> **Given data**
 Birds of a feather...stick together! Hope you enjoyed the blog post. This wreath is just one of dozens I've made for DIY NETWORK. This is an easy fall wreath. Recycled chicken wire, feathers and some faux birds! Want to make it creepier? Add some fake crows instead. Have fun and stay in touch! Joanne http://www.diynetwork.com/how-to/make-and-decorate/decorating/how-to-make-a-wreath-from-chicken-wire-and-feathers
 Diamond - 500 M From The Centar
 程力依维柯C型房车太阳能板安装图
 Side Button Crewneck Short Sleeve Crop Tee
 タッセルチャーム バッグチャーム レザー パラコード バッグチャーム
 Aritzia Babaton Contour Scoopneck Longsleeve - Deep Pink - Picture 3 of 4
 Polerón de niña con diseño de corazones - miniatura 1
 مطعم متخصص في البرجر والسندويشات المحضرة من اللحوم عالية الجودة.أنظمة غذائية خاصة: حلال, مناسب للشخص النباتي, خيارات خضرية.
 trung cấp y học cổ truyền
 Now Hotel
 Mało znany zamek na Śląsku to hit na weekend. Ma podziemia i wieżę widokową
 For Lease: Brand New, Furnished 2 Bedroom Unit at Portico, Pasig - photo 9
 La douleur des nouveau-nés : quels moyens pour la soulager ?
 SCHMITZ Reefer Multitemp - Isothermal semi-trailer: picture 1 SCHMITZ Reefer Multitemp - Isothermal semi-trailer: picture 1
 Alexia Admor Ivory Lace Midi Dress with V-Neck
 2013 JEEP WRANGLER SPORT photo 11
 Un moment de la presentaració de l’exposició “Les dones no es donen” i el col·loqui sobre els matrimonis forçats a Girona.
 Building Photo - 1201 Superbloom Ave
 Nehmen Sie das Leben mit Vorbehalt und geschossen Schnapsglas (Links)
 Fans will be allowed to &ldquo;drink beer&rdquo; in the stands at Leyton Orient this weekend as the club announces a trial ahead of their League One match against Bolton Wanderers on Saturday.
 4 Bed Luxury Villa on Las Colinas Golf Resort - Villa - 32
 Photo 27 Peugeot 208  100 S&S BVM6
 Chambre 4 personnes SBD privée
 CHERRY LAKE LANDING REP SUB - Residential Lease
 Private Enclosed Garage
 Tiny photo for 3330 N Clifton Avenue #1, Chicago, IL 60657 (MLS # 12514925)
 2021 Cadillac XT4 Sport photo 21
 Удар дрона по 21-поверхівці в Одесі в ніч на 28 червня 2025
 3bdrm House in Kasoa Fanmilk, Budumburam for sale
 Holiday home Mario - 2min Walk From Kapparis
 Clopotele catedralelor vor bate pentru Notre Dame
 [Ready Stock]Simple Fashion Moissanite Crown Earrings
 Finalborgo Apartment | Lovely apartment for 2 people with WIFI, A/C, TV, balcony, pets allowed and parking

> **Task brief**
Give only the lines from the one holding "picture 1 SCHMITZ" through the one holding "Clopotele catedralelor vor", each restated exactly as it appears above.

> **Exercise solution**
 SCHMITZ Reefer Multitemp - Isothermal semi-trailer: picture 1 SCHMITZ Reefer Multitemp - Isothermal semi-trailer: picture 1
 Alexia Admor Ivory Lace Midi Dress with V-Neck
 2013 JEEP WRANGLER SPORT photo 11
 Un moment de la presentaració de l’exposició “Les dones no es donen” i el col·loqui sobre els matrimonis forçats a Girona.
 Building Photo - 1201 Superbloom Ave
 Nehmen Sie das Leben mit Vorbehalt und geschossen Schnapsglas (Links)
 Fans will be allowed to &ldquo;drink beer&rdquo; in the stands at Leyton Orient this weekend as the club announces a trial ahead of their League One match against Bolton Wanderers on Saturday.
 4 Bed Luxury Villa on Las Colinas Golf Resort - Villa - 32
 Photo 27 Peugeot 208  100 S&S BVM6
 Chambre 4 personnes SBD privée
 CHERRY LAKE LANDING REP SUB - Residential Lease
 Private Enclosed Garage
 Tiny photo for 3330 N Clifton Avenue #1, Chicago, IL 60657 (MLS # 12514925)
 2021 Cadillac XT4 Sport photo 21
 Удар дрона по 21-поверхівці в Одесі в ніч на 28 червня 2025
 3bdrm House in Kasoa Fanmilk, Budumburam for sale
 Holiday home Mario - 2min Walk From Kapparis
 Clopotele catedralelor vor bate pentru Notre Dame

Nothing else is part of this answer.